On peut toujours croire qu’en rapatriant leurs soldats d’Afghanistan, les alliés occidentaux vont se sortir d’un “piège” ou d’un “bourbier”, ce n’est pas pour autant que l’islamisme radical s’efface. Simplement, le front se déplace. Les admirateurs de Mohamed Merah continueront de s’entraîner là-bas avant de venir décharger leur haine ici. La question n’est pas de savoir s’il fallait y aller ou pas ; de toute manière, cette confrontation, choc des civilisations ou pas – le débat ne sera jamais clos – , nous est imposée ; la réalité est là.
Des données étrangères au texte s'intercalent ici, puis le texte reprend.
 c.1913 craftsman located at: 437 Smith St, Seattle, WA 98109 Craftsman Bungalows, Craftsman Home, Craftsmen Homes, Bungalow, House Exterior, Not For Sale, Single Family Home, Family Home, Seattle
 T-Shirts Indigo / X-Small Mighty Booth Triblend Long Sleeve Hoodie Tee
Et pour reprendre une vieille formule : si tu ne vas pas à l’islamisme, l’islamisme ira à toi.
L’intimidation règne. L’an dernier, au beau milieu du “printemps arabe”, un hebdomadaire satirique de gauche, Charlie Hebdo, avait reproduit des caricatures de Mahomet. Au moment de la mise en vente de ce numéro, le siège du journal fut incendié, les marchands de journaux visités et menacés. Depuis dix-huit mois, le directeur de l’hebdomadaire, Charb, est protégé, sept jours sur sept, par deux policiers particulièrement sportifs.
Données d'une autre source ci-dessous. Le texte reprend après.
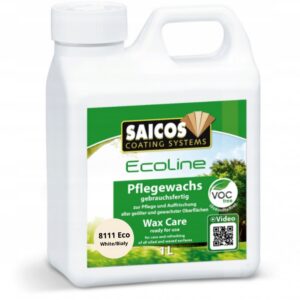 Saicos 8111 ECO WAX CARE - ŚRODEK DO KONSERWACJI PODŁOGI - BIAŁY - 1L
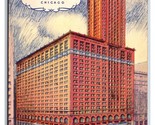 Morrison Hotel Chicago Illinois Il DB Cartolina Y6 - $3.39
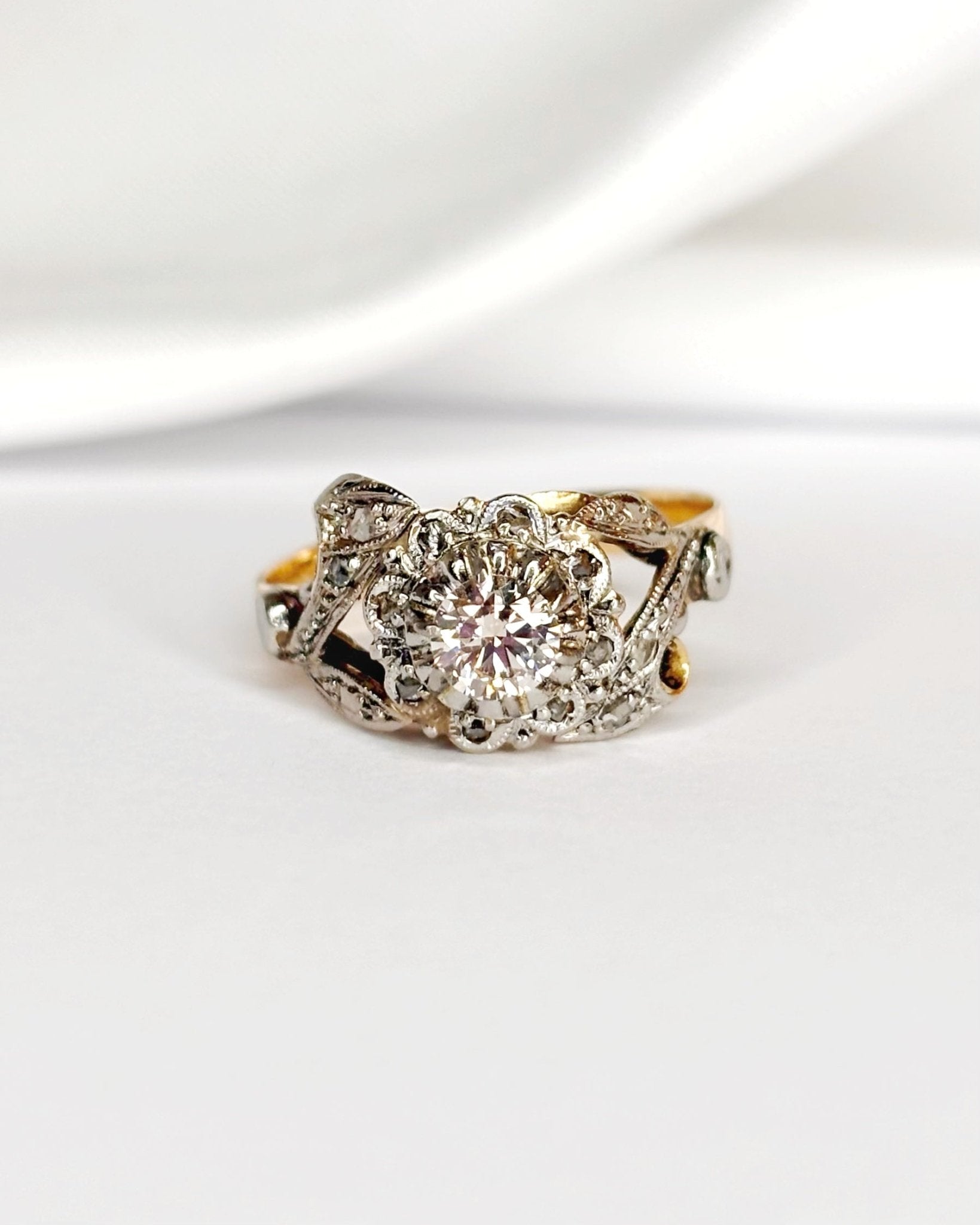 Bague Art Déco Diamants 0.37 carat "Apolline" - Elliade Paris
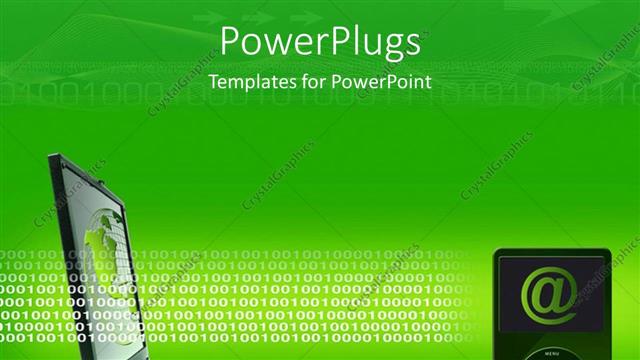  Presentation with computers - A beautiful laptop and an ipod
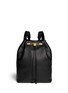 Main View - Click To Enlarge - THE ROW - Grainy leather drawstring backpack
Samedi dernier, Caroline Fourest avait été invitée à participer à un débat de la Fête de l’Humanité, manifestation réputée bien tenue par son encadrement communiste. Malgré cela, elle a été interdite de parole. Par un groupe d’islamo-gauchistes, peu nombreux mais déterminés, qui est parvenu à s’imposer à une salle prise à contre-pied aux cris de “Fourest raciste”, quand les auditeurs répliquaient “liberté d’expression” ! Pourquoi Caroline Fourest ? Parce que, journaliste et essayiste engagée dans les combats de gauche, elle est aussi l’auteur de la Tentation obscurantiste, un livre dans lequel elle dénonce les dérives totalitaires de l’islamisme radical. Depuis le vote de la loi sur le voile, elle fait l’objet d’une campagne acharnée, tant en France qu’à l’étranger, visant, vainement, à la faire taire. L’intéressant, c’est le profil de ses adversaires ; parfois musulmans, parfois convertis, le plus souvent athées, ceux-ci s’inscrivent sous différentes appellations (“Indigènes de la République”, “Indivisibles” et autres) dans le courant de l’ultra-gauche propalestinienne. Ce sont des nostalgiques du trotskisme “canal historique” et de l’anticolonialisme ; au temps de la guerre d’Algérie, ils auraient été “porteurs de valises” du FLN ; ils sont aujourd’hui les “porteurs de valises” idéologiques de l’islamisme le plus dur.
On ne trouvera sans doute pas de liens entre eux et les diverses mouvances fondamentalistes du Proche-Orient. C’est sans importance. En revanche, leur objectif est le même, désarmer la vigilance et les bonnes âmes. Ils s’attaquent au flanc qu’ils estiment le plus vulnérable : à la gauche. C’est d’ailleurs au moment où Manuel Valls analyse de près les filières salafistes que 77 députés socialistes croient utile d’appeler au droit de vote des étrangers…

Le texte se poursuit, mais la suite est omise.